I was so excited I could barely stand it. I think I started counting down the days, until he came home, from the moment I moved him into Kilachand. But when he came home, things had changed. He had changed. He was accustomed to being on his own, coming and going how he wanted, when he wanted. He had been adulting and gotten out of the habit of being at home and forgotten the house rules. Well, let’s be honest, we had to re-configure the rules. He wasn’t in high school anymore and he wanted more autonomy. However, I was working, worrying, and needed a reasonable night sleep. When is he coming home? Is he coming home? Should I even ask? Would there be a curfew? Would we eat dinner as a family? Who is doing laundry, cleaning the kitchen, taking out the trash?
After about a week, I realized that we both had gotten used to not having the other one around. I got used to my space, the house staying clean for longer periods of time, cooking when I wanted to or eating cereal for dinner when I didn’t. If we wanted to enjoy winter break without grumbling at each other, we had to have a plan we could both agree on.

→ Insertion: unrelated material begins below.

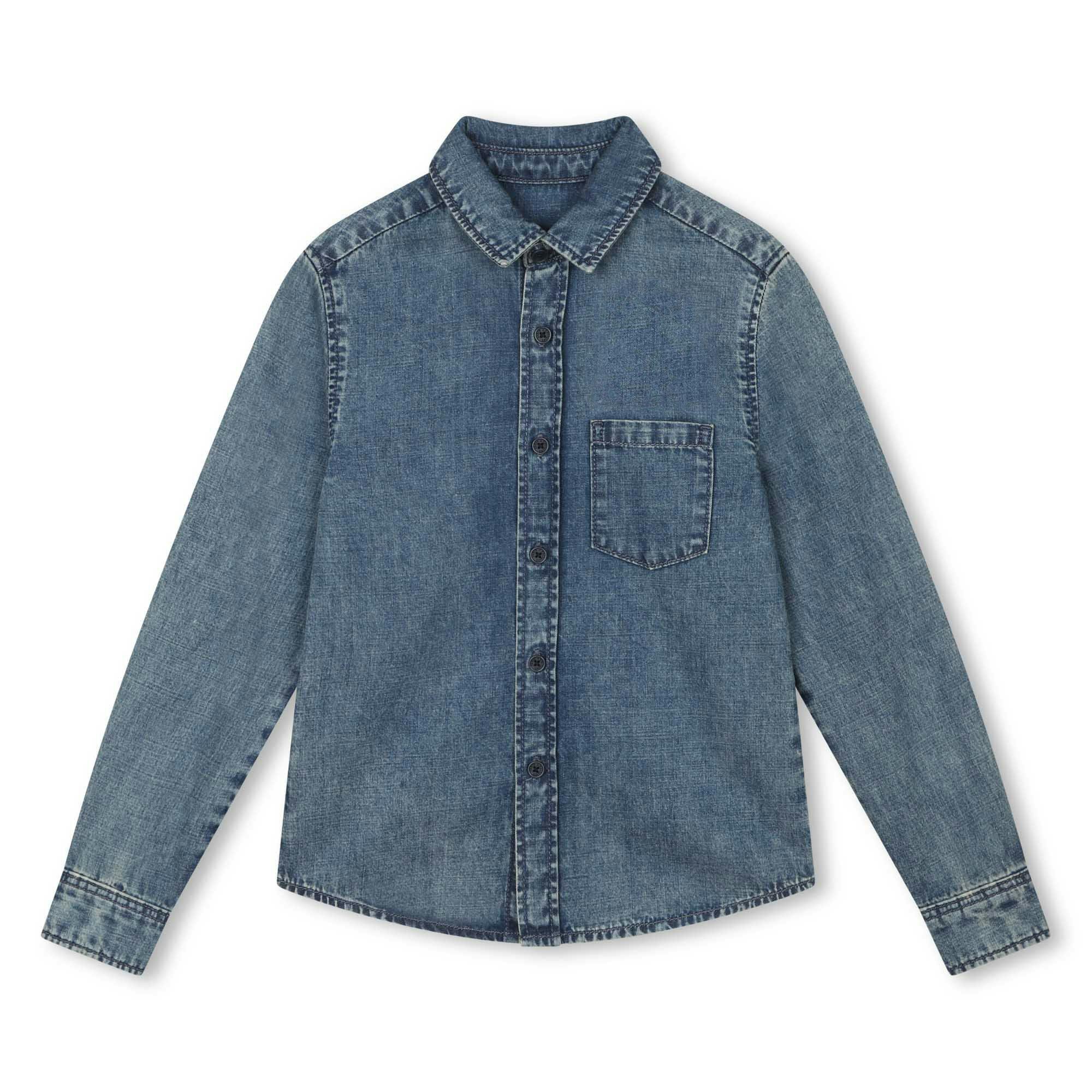 Vintage Festival Cotton Denim Shirt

My advice, have a meeting, come up with a plan—figure out the expectations on both sides. How will you handle the expectations? I found that approaching the new “roommate” situation upfront, allowed an understanding of expectations to be set. We each put out our requests of how we would like to handle situations, adult to adult. Things like how were we going to communicate? For example, I made dinner—”if you want the leftovers, they are in the fridge—otherwise, you are on your own for dinner tonight”—or saying, “I am going to be late tonight, eat without me.” It seems silly, of course, these ideas are just common sense, but it is important to have a conversation about expectations before difficulties arise. As you’ll quickly come to find out, expectations may not be the same as they were when they last lived at home.
I found that we were able to have some wonderful conversations about different things, about his growth in college—sharing experiences more openly and honestly than when he was in high school and still a “kid.” I was amazed how wise he was, how much he had experienced at college, and how his roommates and professors were shaping him into this amazing human. I realized that we didn’t agree on everything—but that was ok, he was able to share with me well-spoken ideas. I could tell he had in-depth conversations with others while away. He had things he was passionate about, and he wasn’t afraid to let me know.
I want you to know, things change, expectations change, and somethings stay the same—I still had to just close his door and not look in his room for fear the chaos would make me crazy!
They are home. Enjoy them. Set your expectations for sharing space. Open yourself up to get to know this amazing new adult who is living in your home over break. You’ll be so glad you did!